Vera Gemma vive a la sombra de su famoso padre, el legendario actor de Spaghetti Western Giuliano Gemma. La actriz se interpreta a sí misma y toda la película es una mezcla de documental sobre ella con una ficción construida alrededor de su persona. No sabemos cuánto de la película es real y cuánto está armado. Algunas cosas se pueden definir más o menos con facilidad, pero muchas otras juegan al límite. Gem tiene problemas para relacionarse y sufre la superficialidad de vínculos con hombres que no están preocupados realmente por ella. Con más de cincuenta años, Vera intenta buscar en Roma la respuesta a sus angustias. Busca mantenerse joven y lucir espléndida, aunque en el fondo la figura de su padre es un refugio y a la vez una sombra. Un retrato de Giuliano Gemma sobre su cama habla de una relación especial. Vera es, en definitiva, encantadora. Sincera, complicada, generosa hasta la inocencia, tratando de ayudar, cayendo en la trampa de quienes sólo desean aprovecharse de su nombre. Cuando accidentalmente se cruza con un niño al que su chofer choca, decide ayudarlo en todo lo que pueda, aunque tal vez eso pueda producir en ella una nueva herida. Y también tiene una amiga que no es otra más que Asia Argento, la hija del gran director Darío Argento. Ambas mujeres comparten la problemática herencia de padres famosos y admirados por todos.

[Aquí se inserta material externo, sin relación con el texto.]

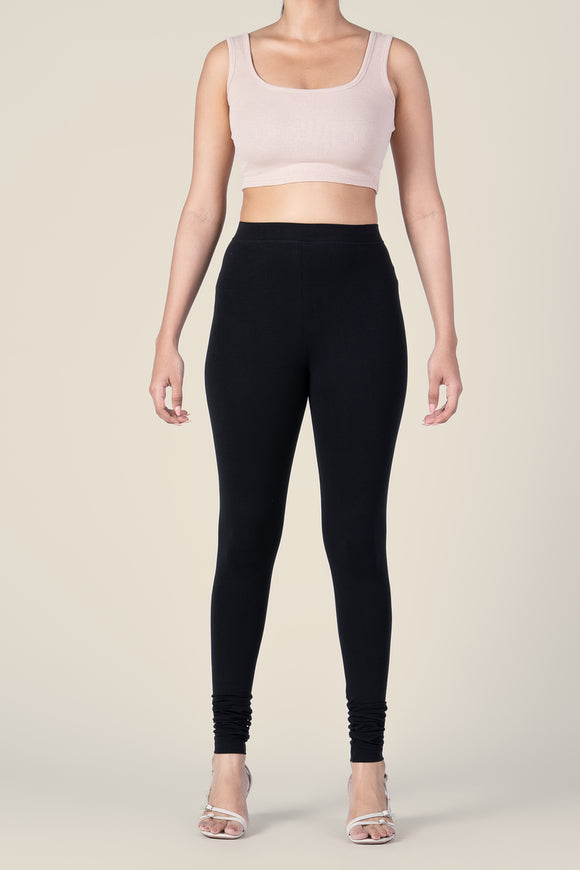 SlimFlow™ Black Churidar Leggings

Las charlas entre ellas fluctúan, de eso no hay duda, entre lo escrito y lo improvisado y la película saca provecho de ambas cosas. Vera Gemma, la real o la inventada, es un gran personaje cinematográfico.
Por suerte aún podemos ver películas como las del matrimonio austriaco Covi-Frimmel, aquí nuevamente en el filo entre la realidad y la ficción (como en las notables “La Pivellina” y “Míster Universo”) para seguir una aventura entre el jetset y barrios periféricos de Roma que, a partir del tema de vivir bajo la sombra de un padre famoso, trata de responder a esa pregunta de cómo encontramos y cuál es nuestro lugar en el mundo. Gran película de cámara.
Vera tiene una cualidad que sólo es compartida con las mejores propuestas autorales: el ser tan impredecible como la vida misma. Ni el más avezado de los espectadores podría saber en qué dirección avanza la narración, ni dónde se encuentran sus intenciones, ni cuál es el tema central de la película hasta casi finalizado el metraje.